I’m debating between two good job offers. I’m thankful to be in a position to choose, but how do I know which is the right choice? – Elaina D.
Congratulations, Elaina. What a great position to be in. It’s tough enough to get one job offer these days!
So how do you make the right choice with confidence and without regret? Most career coaches will ensure that you make the best choice by holding you accountable to your own wants and desires and by questioning you when you seem to be straying off the path you’ve envisioned for yourself.
A job will offer you a paycheck. The right job will perfectly balance your skills and values. Usually, when you’re unhappy in your job it’s because you feel you aren’t utilizing the skills you want to be using or that your job isn’t aligned with the values that are most important to you. Your seesaw is unbalanced and there doesn’t seem to be a way of gaining the balance back, so you search.
You’ve surfed the job boards, submitted your resume, networked and had recruiters working on your behalf. You’re in line to get offers from two different companies and think you’d be just as happy with one over the other. Really? Finding one job that meets all your needs is hard enough, but two? Either your ruling planet is in your 10th house of career and professional destiny or you haven’t evaluated the situation carefully enough.
You’ll want to make a list of your top 5-7 skills and 5-7 values (see samples below). Once you’ve jotted down your top skills and values, you’ll make a basic pro and con list for each job opportunity. Instead of using pro and con, you’ll use the words aligned and not aligned.
It’ll look something like this…
You’ll then distribute your top skills and values between the 2 columns for each opportunity.
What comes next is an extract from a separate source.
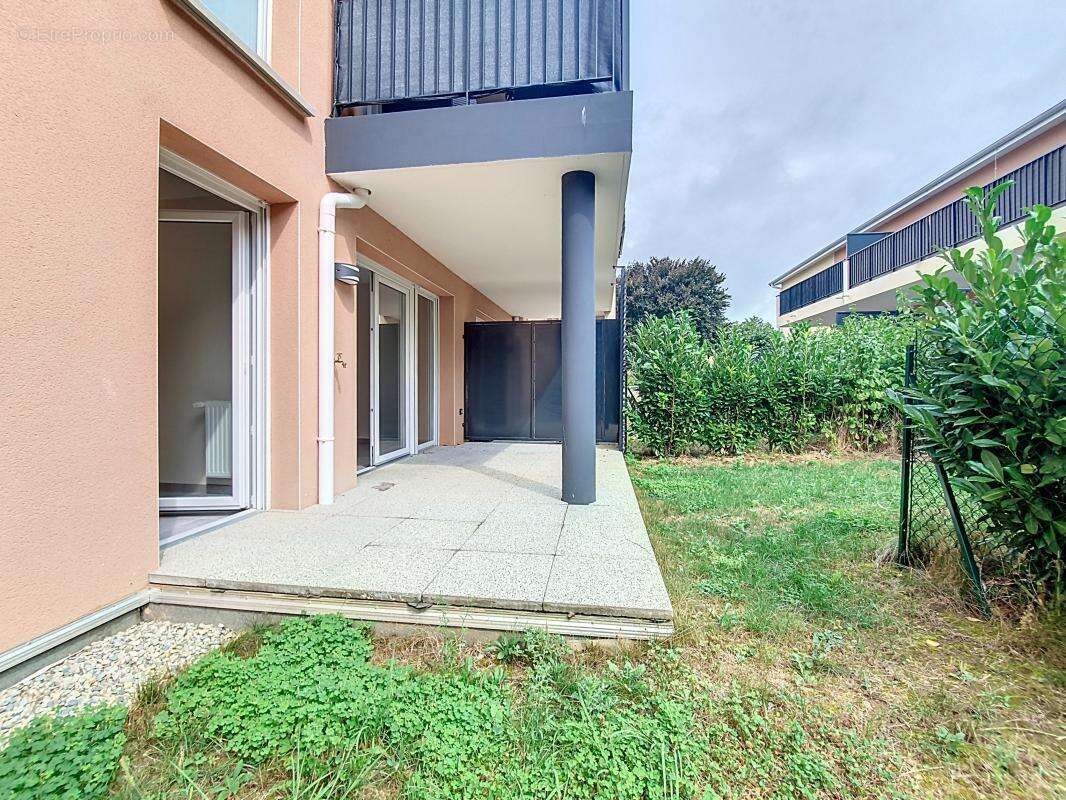 Appartement à SIMANDRES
Upon analyzing the results, you may realize that the job you were leaning towards isn’t really aligned with your other skills and values and the position you were less interested in, might be a better fit after all.
Things like social pressures and status can cloud your judgment on what will truly make you happy in the workplace. That’s not to say I’m discounting status or ambition as a value. You can add Status, Advancement and Comfortable Income to your list of values above. Allow this exercise to help you get very specific and take the emotion out of decision making. You might be surprised at the outcome!